# Crasis (N1904-TF)

## Table of content (ToC)<a class="anchor" id="TOC"></a>
* <a href="#bullet1">1 - Introduction</a>
* <a href="#bullet2">2 - Load Text-Fabric app and data</a>
* <a href="#bullet3">3 - Analysis</a>
  * <a href="#bullet3x1">3.1 - Identify all occurences of crasis</a>
  * <a href="#bullet3x2">3.2 - Unique crasis lemma's</a>
  * <a href="#bullet3x3">3.3 - Unique crasis wordforms</a>
  * <a href="#bullet3x4">3.4 - Distribution of crasis among the books</a>
  * <a href="#bullet3x5">3.5 - Visualizing crasis distribution among the books</a>
  * <a href="#bullet3x6">3.6 - Syntactic roles of crasis occurances per book</a>
  * <a href="#bullet3x7">3.7 - Exploring the clausal context</a>
* <a href="#bullet4">4 - Attribution and footnotes</a>
* <a href="#bullet5">5 - Required libraries</a>
* <a href="#bullet6">6 - Notebook and environment details</a>

# 1 - Introduction <a class="anchor" id="bullet1"></a>
##### [Back to TOC](#TOC)

Crasis (from the Greek κρᾶσις, meaning "mixing" or "blending") is a linguistic phenomenon in Ancient Greek where two adjacent vowels, typically at the junction of two words, combine into a single syllable. This occurs most commonly when a word ending in a vowel is followed by another word beginning with a vowel. Example: καὶ ἐγώ ("and I") becomes κἀγώ in crasis. Crasis does not alter the grammatical or syntactical meaning of the combined words.

Information about occurrences of crasis is not included in the 'standard' N1904-TF dataset. However, these occurrences can be identified using the additional feature [bol_suffix](https://github.com/CenterBLC/N1904/blob/main/docs/additions/bol_suffix.md). According to the feature's documentation, there are 146 instances of crasis recorded in the Greek New Testament.

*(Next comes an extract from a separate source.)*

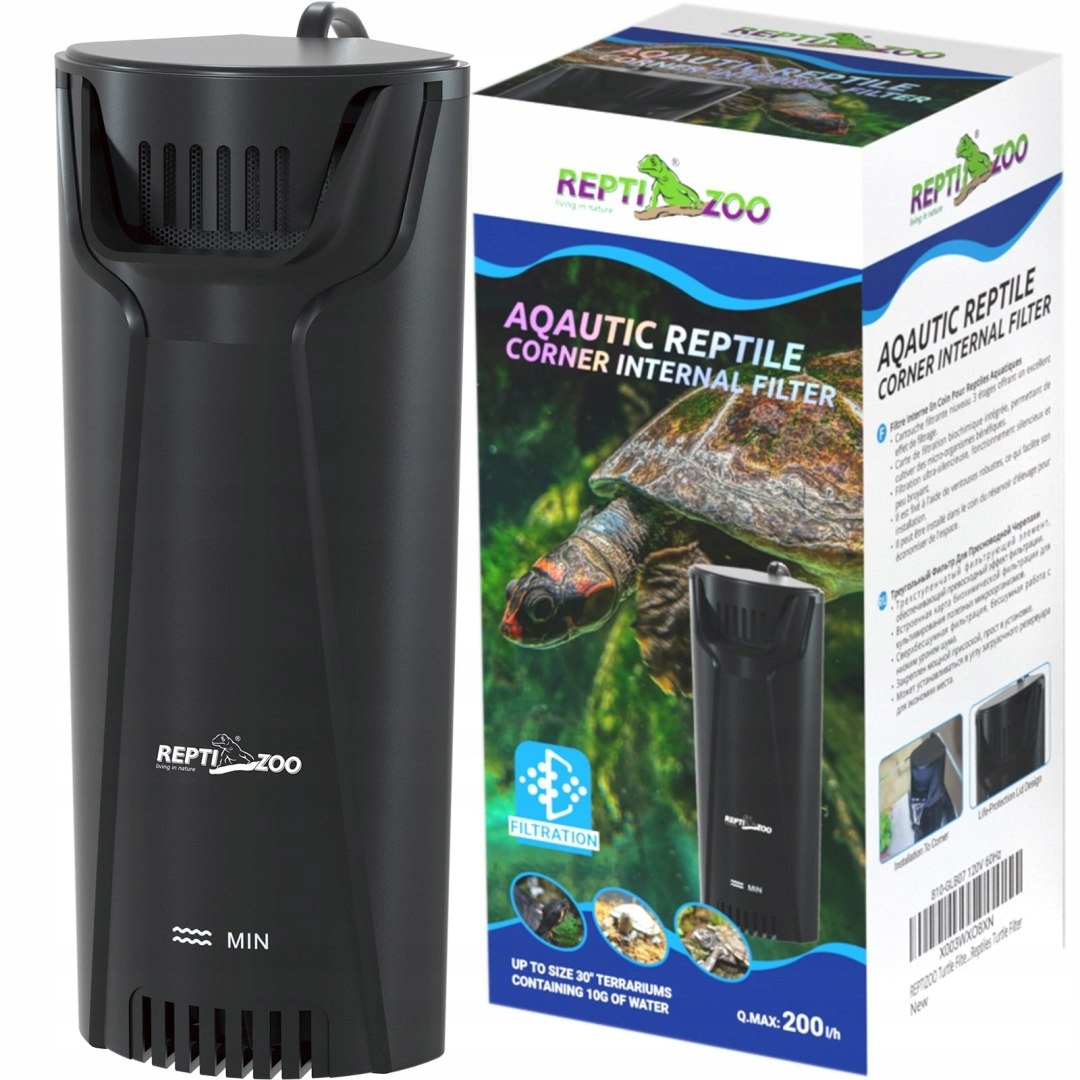 Levně Repti-Zoo Reptile Aquatic Corner Filter – vodní filtr pro želvy a obojživelníky 200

# 2 - Load app and data <a class="anchor" id="bullet2"></a>
##### [Back to TOC](#TOC)

In [1]:
%load_ext autoreload
%autoreload 2

In [2]:
# Loading the Text-Fabric code
# Note: it is assumed Text-Fabric is installed in your environment
from tf.fabric import Fabric
from tf.app import use

Since our analysis depends on a feature available only as an optional module, we will include this additional module by specifying the `mod=` parameter. See also [here](https://centerblc.github.io/N1904/additions/#start) for a description on these add-on features.

In [3]:
# load the N1904 app and data
N1904 = use ("CenterBLC/N1904", version="1.0.0", mod="CenterBLC/N1904/BOLcomplement/tf/", hoist=globals())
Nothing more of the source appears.